I've been trying to adapt the reddit_tft example from the cloud-ml github samples repo to my needs.
I've been able to get it running as per the tutorial readme.
However what i want to use it for is a binary classification problem and also output keys in batch prediction.
So i have made copy of the tutorial code here and have changed it in a few places to be able to have a model type of deep_classifier
that would use a DNNClasifier
instead of a DNNRegressor
.
I've changed the score variable to be
if(score>0,1,0) as score
It's training fine, deploys to cloud ml but i'm not sure how to now get keys back from my predictions. `
I've updated the sql pulling from BigQuery to include id as example_id
here
It seems the code from the tutorial had some sort of placeholder for example_id
so i'm trying to leverage that.
It all seems to work but when i get batch predictions all i get is json like this:
{"classes": ["0", "1"], "scores": [0.20427155494689941, 0.7957285046577454]}
{"classes": ["0", "1"], "scores": [0.14911963045597076, 0.8508803248405457]}
...
So example_id
does not seem to be making it into the serving functions like i need.
I've tried to follow the approach here which is based on adapting the census example for keys.
I just cant figure out how to finish adapting this reddit example to also output keys in the predictions as they look a bit different to me in terms of design and functions being used.
Update 1
My latest attempt is here Trying to use the approach outlined here.
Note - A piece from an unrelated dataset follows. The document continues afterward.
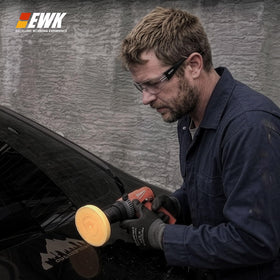 EWK wheel mounted on drill demonstrating fast adhesive removal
However this is giving errors:
NotFoundError (see above for traceback): /tmp/tmp2jllvb/model.ckpt-1_temp_9530d2c5823d4462be53fa5415e429fd; No such file or directory
[[Node: save/SaveV2 = SaveV2[dtypes=[DT_FLOAT, DT_FLOAT, DT_FLOAT, DT_FLOAT, DT_FLOAT, DT_FLOAT, DT_FLOAT, DT_FLOAT, DT_INT64], _device="/job:ps/replica:0/task:0/device:CPU:0"](save/ShardedFilename, save/SaveV2/tensor_names, save/SaveV2/shape_and_slices, dnn/hiddenlayer_0/kernel/part_2/read, dnn/dnn/hiddenlayer_0/kernel/part_2/Adagrad/read, dnn/hiddenlayer_1/kernel/part_2/read, dnn/dnn/hiddenlayer_1/kernel/part_2/Adagrad/read, dnn/input_from_feature_columns/input_layer/subreddit_id_embedding/weights/part_0/read, dnn/dnn/input_from_feature_columns/input_layer/subreddit_id_embedding/weights/part_0/Adagrad/read, dnn/logits/bias/part_0/read, dnn/dnn/logits/bias/part_0/Adagrad/read, global_step)]]
Update 2
My latest attempt and details are here.
I'm now getting a error from tensorflow-fransform (run_preprocess.sh works fine in tft 0.1)
File "/usr/local/lib/python2.7/dist-packages/tensorflow_transform/tf_metadata/dataset_schema.py", line 282, in __setstate__
self._dtype = tf.as_dtype(state['dtype'])
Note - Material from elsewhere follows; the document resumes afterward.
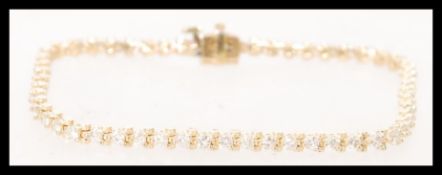 A 14 carat yellow gold diamond tennis bracelet wit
TypeError: string indices must be integers, not str
Update 3
I have changed things to just use beam + csv and avoid tft. Also i'm now using the approach as outlined here for extending the canned estimator to get the key back with the predictions.
However when following this post to try get the comments in as features i'm now running into a new error.
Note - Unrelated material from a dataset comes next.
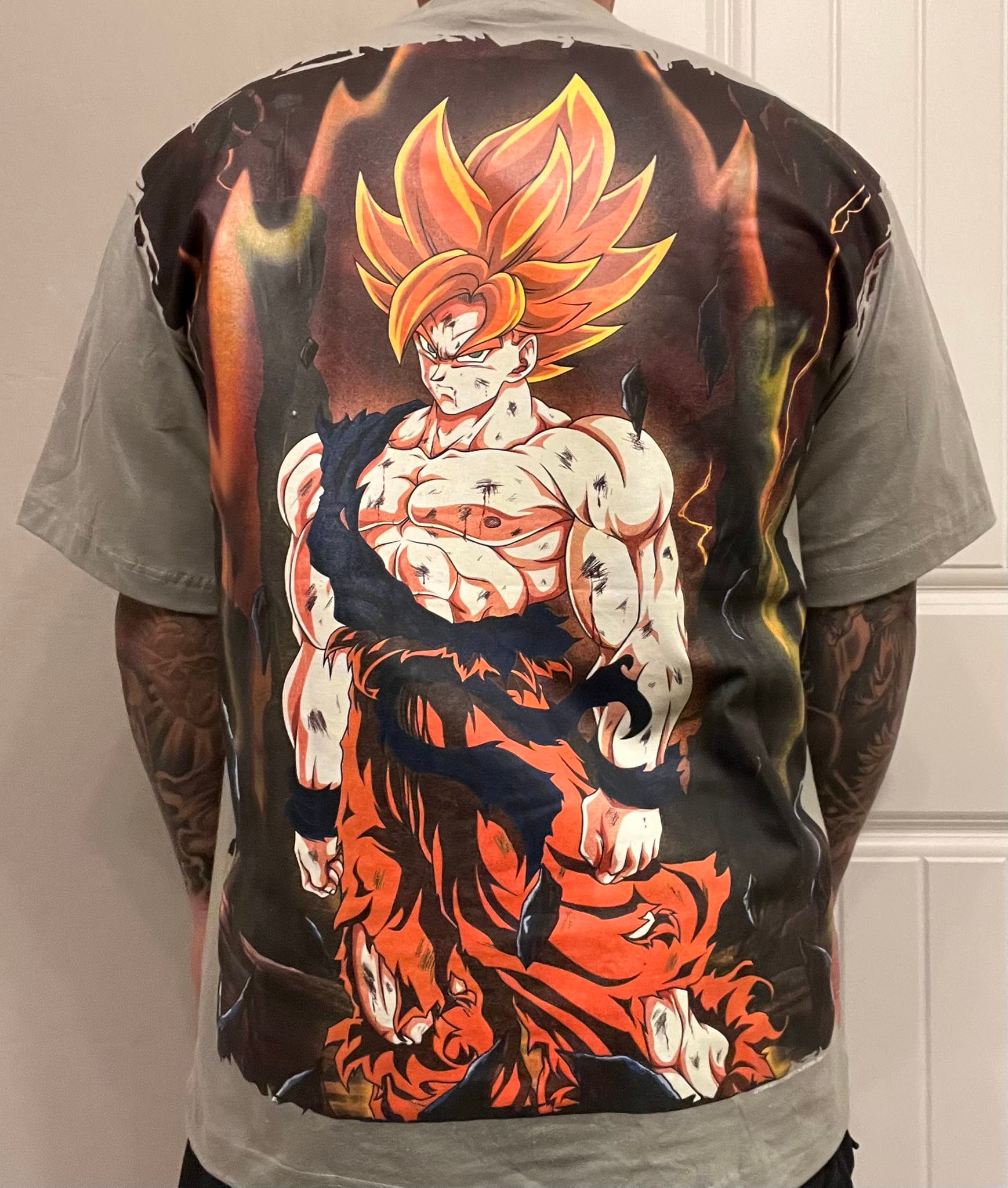 A couple of my bootleg dbz shirts, behold their epicness ?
The replica worker 3 exited with a non-zero status of 1. Termination reason: Error. Traceback (most recent call last): [...] File "/usr/local/lib/python2.7/dist-packages/tensorflow/contrib/estimator/python/estimator/extenders.py", line 87, in new_model_fn spec = estimator.model_fn(features, labels, mode, config) File "/usr/local/lib/python2.7/dist-packages/tensorflow/python/estimator/estimator.py", line 203, in public_model_fn return self._call_model_fn(features, labels, mode, config) File "/usr/local/lib/python2.7/dist-packages/tensorflow/python/estimator/estimator.py", line 694, in _call_model_fn model_fn_results = self._model_fn(features=features, **kwargs) File "/usr/local/lib/python2.7/dist-packages/tensorflow/python/estimator/canned/dnn_linear_combined.py", line 520, in _model_fn config=config) File "/usr/local/lib/python2.7/dist-packages/tensorflow/python/estimator/canned/dnn_linear_combined.py", line 158, in _dnn_linear_combined_model_fn dnn_logits = dnn_logit_fn(features=features, mode=mode) File "/usr/local/lib/python2.7/dist-packages/tensorflow/python/estimator/canned/dnn.py", line 89, in dnn_logit_fn features=features, feature_columns=feature_columns) File "/usr/local/lib/python2.7/dist-packages/tensorflow/python/feature_column/feature_column.py", line 226, in input_layer with variable_scope.variable_scope(None, default_name=column.name): File "/usr/local/lib/python2.7/dist-packages/tensorflow/python/ops/variable_scope.py", line 1826, in __enter__ current_name_scope_name = self._current_name_scope.__enter__() File "/usr/local/lib/python2.7/dist-packages/tensorflow/python/framework/ops.py", line 4932, in __enter__ return self._name_scope.__enter__() File "/usr/lib/python2.7/contextlib.py", line 17, in __enter__ return self.gen.next() File "/usr/local/lib/python2.7/dist-packages/tensorflow/python/framework/ops.py", line 3514, in name_scope raise ValueError("'%s' is not a valid scope name" % name) ValueError: 'Tensor("Slice:0", shape=(?, 20), dtype=int64)_embedding' is not a valid scope name
My repo for this attempt/approach is here. This all runs fine if i just use subreddit
as a feature, it's adding in the comment
feature that seems to be causing the problems. Lines 103 to 111 is where i have followed this approach.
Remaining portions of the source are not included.